Single field records
The syntax of the simplest (non aggregating) extraction rule is:
SCOPE scopeOption
{
IDENTIFY(templateName)
{
@fieldName[operand]
}
}
For example, given this template:
TEMPLATE(PERSONAL_DATA)
{
@Name
}
this rule:
SCOPE SENTENCE
{
IDENTIFY(PERSONAL_DATA)
{
@Name[TYPE(NPH)]
}
}
would extract people's names (TYPE(NPH)
) in the @Name field belonging to the PERSONAL_DATA template.
If the rule is run against this text:
Doug Smith lives at 1540 Chicago Avenue, Baltimore.
the output is a record containing only the @Name field.
Template: PERSONAL_DATA
@Name |
---|
Doug Smith |
If the same rule is run against this text:
Doug Smith lives at 1540 Chicago Avenue, Baltimore. He lives there with his wife Norah and their two children.
the output is a pair of records, each containing only the @Name field.
Template: PERSONAL_DATA
@Name |
---|
Doug Smith |
Template: PERSONAL_DATA
@Name |
---|
Norah |
Two people's names are identified and extracted into two different records.
Note
In fact, if a rule is activated by several tokens, the engine will generate a separate record for each of them.
Multiple field records
Usually, extraction projects require templates with more than one field, for example:
TEMPLATE(PERSONAL_DATA)
{
@Name,
@Telephone,
@Address
}
In this scenario, it's still possible to use single-field rules like these:
SCOPE SENTENCE
{
IDENTIFY(PERSONAL_DATA)
{
@Name[TYPE(NPH)]
}
IDENTIFY(PERSONAL_DATA)
{
@Telephone[ANCESTOR(29700)]// 29700, phone number
}
IDENTIFY(PERSONAL_DATA)
{
@Address[TYPE(ADR)]
}
}
If the above rules are used to analyze the following sample text:
Doug Smith lives at 1540 Chicago Avenue, Baltimore. Doug's number is 555-234-567.
the output will contain three different records:
Template: PERSONAL_DATA
@Name |
---|
Doug Smith |
Template: PERSONAL_DATA
@Telephone |
---|
555-234-567 |
Template: PERSONAL_DATA
@Address |
---|
1540, Chicago Avenue - Baltimore |
This schema has a serious weakness: it has the highest probability of extracting unrelated data.
In the example case, nothing guarantees that the phone number and the address refer to a particular person; it is not even guaranteed that they refer to a person.
This can be acceptable when it is certain that input documents only contain related data. In the case of personal data, it would mean that each document always contains one (and only one) person's name and other data that is related to that person. Therefore, the documents would be personal records indeed, which are uncommon occurrences.
On a much more frequent basis, the documents will contain both related and unrelated data and the project aim is to extract the related data only.
Multi-field templates are an implicit declaration of a wanted correlation, in which it is desirable to produce output records containing related data.
One way to reach this goal is to write conditions that model the relation between fields.
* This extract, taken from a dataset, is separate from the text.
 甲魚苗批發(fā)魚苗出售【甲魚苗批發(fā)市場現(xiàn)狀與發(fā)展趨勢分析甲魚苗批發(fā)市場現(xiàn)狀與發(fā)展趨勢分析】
Possible relations between fields are declared in the rule, hence the concept of by-rule aggregation.
This relation can be simple co-occurrence in the same scope, positional (e.g., "the value for field2 usually comes after the value for field1") or syntactic (e.g "usually the value for field1 is the subject and the value for field2 is the object).
For example, this rule:
SCOPE SENTENCE
{
IDENTIFY(PERSONAL_DATA)
{
@Name[TYPE(NPH)]
AND
@Telephone[ANCESTOR(29700)]// 29700, phone number
}
}
extracts both @Name and @Telephone fields based on the assumption that, to be considered related, it is sufficient that they co-occur in the same sentence. When triggered, this rule produces a record that contains a pair of supposedly related fields:
Template: PERSONAL_DATA
@Name | @Telephone |
---|---|
Doug Smith | 555-234-567 |
When applicable, positional sequences combined with the use of additional non-extraction constraints make conditions less loose and increase the probability of capturing real relations between extracted data.
Consider the following sample rules:
SCOPE SENTENCE
{
IDENTIFY(PERSONAL_DATA)
{
@Name[TYPE(NPH)]
>
LEMMA("live")
>
@Address[TYPE(ADR)]
}
IDENTIFY(PERSONAL_DATA)
{
@Name[TYPE(NPH)]
>>
KEYWORD("'s")
<1:3>
@Telephone[ANCESTOR(29700)]// 29700, phone number
}
}
Here the mere presence of a person's name and other personal data in the same sentence is not enough to consider the data as related. The reciprocal position and the relation of the data are defined using positional sequences and other elements, unrelated to extraction, as additional constraints. For example, in the first rule, a person's name is extracted along with an address only if the sentence explicitly states that the person lives at a given address.
The rules above potentially "capture" less, but you can use the OPTIONAL
and the MANDATORY
operators to model all the foreseeable combinations in a smaller amount of rules.
Alternatively, in the example case above, it is also common to have sentences containing a couple pieces of data (for example, the person's name and his/her address) rather than having values for all the template fields specified in the same sentences. The rules will typically aggregate two fields at a time and the cardinal field definition and the merge option could be used to create compound records containing the maximum number of supposedly related fields found in the same scope.